═════ PROVIDED ENTRIES ═════

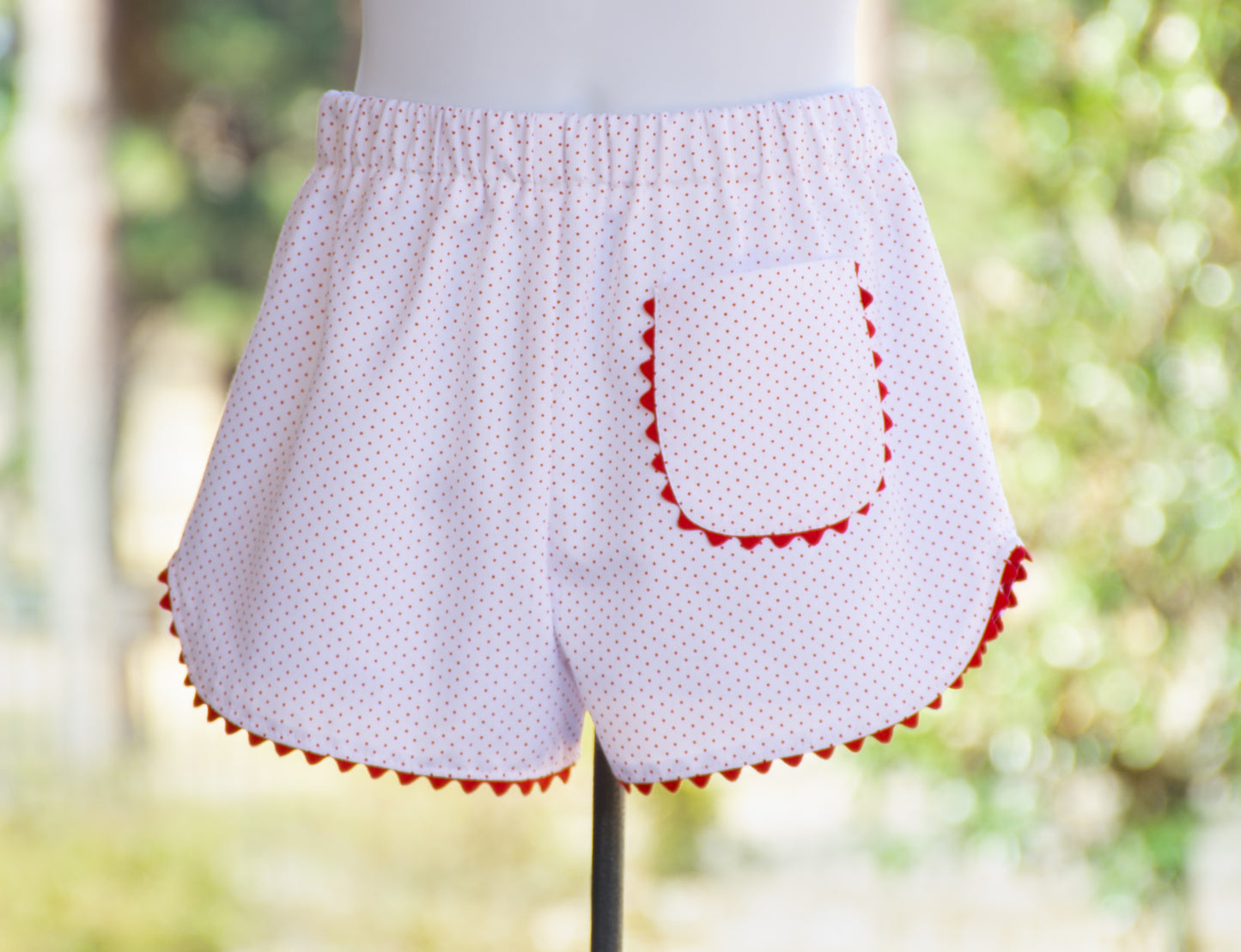 Lined Laurie Top w/ trim + Pocket Avery shorts w/ trim 4T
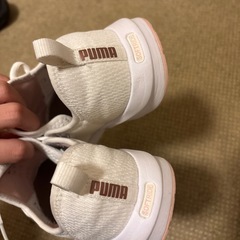 PUMA靴　白の画像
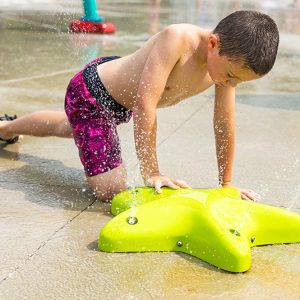 Cột Phun Nước Composite Hình Trụ Cho Sân Chơi Nước Trẻ Em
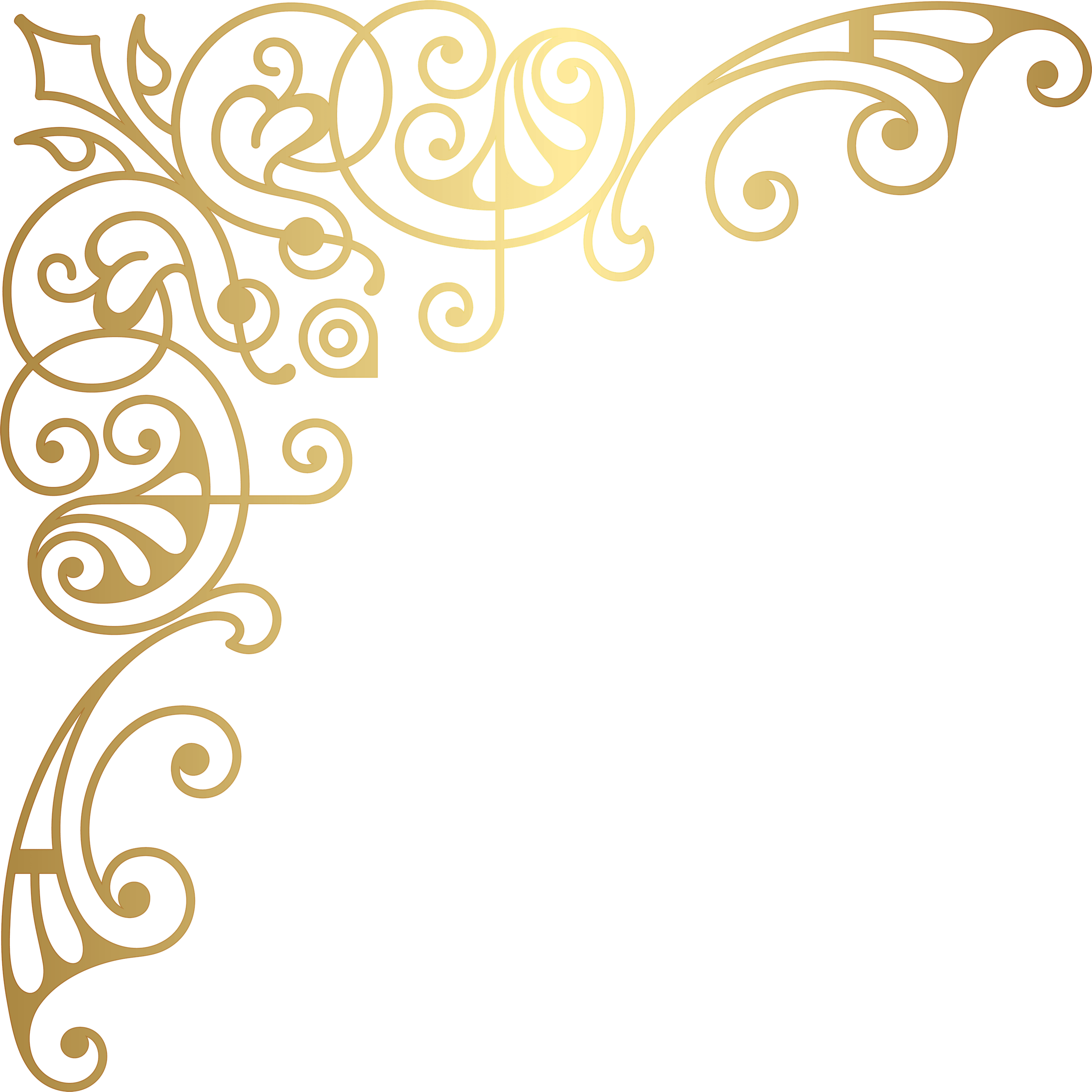 Gold Swirl PNG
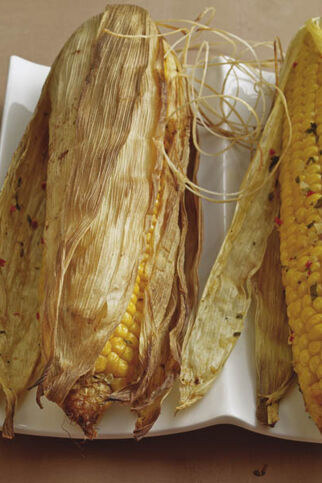 Mais mit Zitronengrasbutter Mais mit Zitronengrasbutter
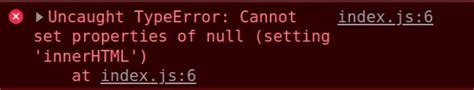 Cannot Set Properties Of Null Error In Javascript Solved Bobbyhadz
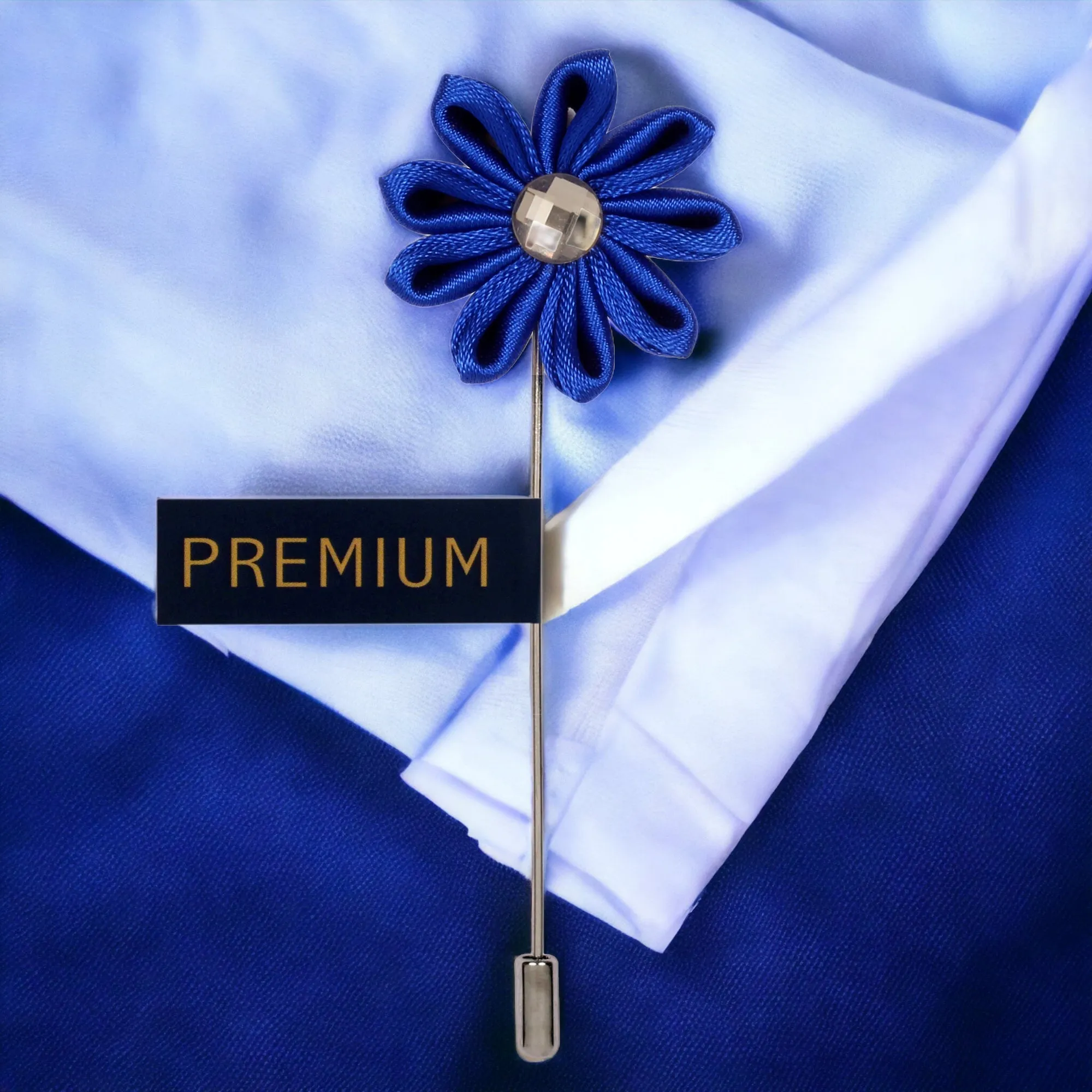 Peluche Glowing Petals Blue Brooch Lapel Pin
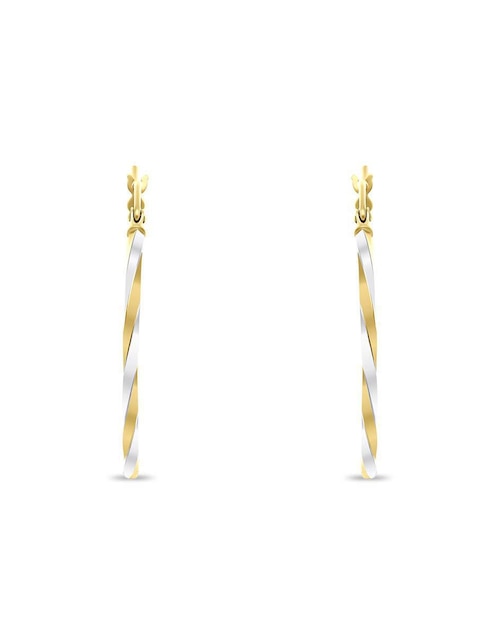 Arracadas Joyerías Bizzarro de oro 14 K con acabado brillante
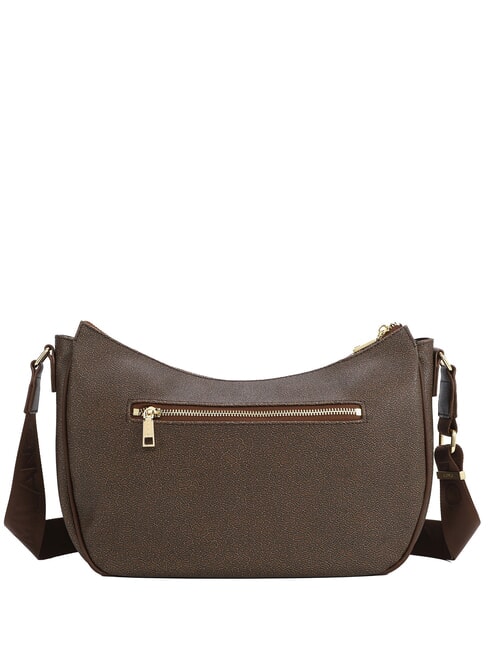 LUX Hobo shoulder bag with pocket chocolate - Women&rsquo;s Bags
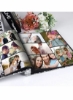 آلبوم نقره 4×6 اینچ 600 عکس در هر صفحه 5 آلبوم عروسی با الگوی گل رز جلد آلبوم عروسی می تواند 600 عکس افقی و عمودی را در خود جای دهد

═════

- YOUR GOAL: Going through the records above line by line, transcribe each one exactly and skip any pictures.

- TASK ANSWER:
 Lined Laurie Top w/ trim + Pocket Avery shorts w/ trim 4T
 PUMA靴　白の画像
 Cột Phun Nước Composite Hình Trụ Cho Sân Chơi Nước Trẻ Em
 Gold Swirl PNG
 Mais mit Zitronengrasbutter Mais mit Zitronengrasbutter
 Cannot Set Properties Of Null Error In Javascript Solved Bobbyhadz
 Peluche Glowing Petals Blue Brooch Lapel Pin
 Arracadas Joyerías Bizzarro de oro 14 K con acabado brillante
 LUX Hobo shoulder bag with pocket chocolate - Women&rsquo;s Bags
 آلبوم نقره 4×6 اینچ 600 عکس در هر صفحه 5 آلبوم عروسی با الگوی گل رز جلد آلبوم عروسی می تواند 600 عکس افقی و عمودی را در خود جای دهد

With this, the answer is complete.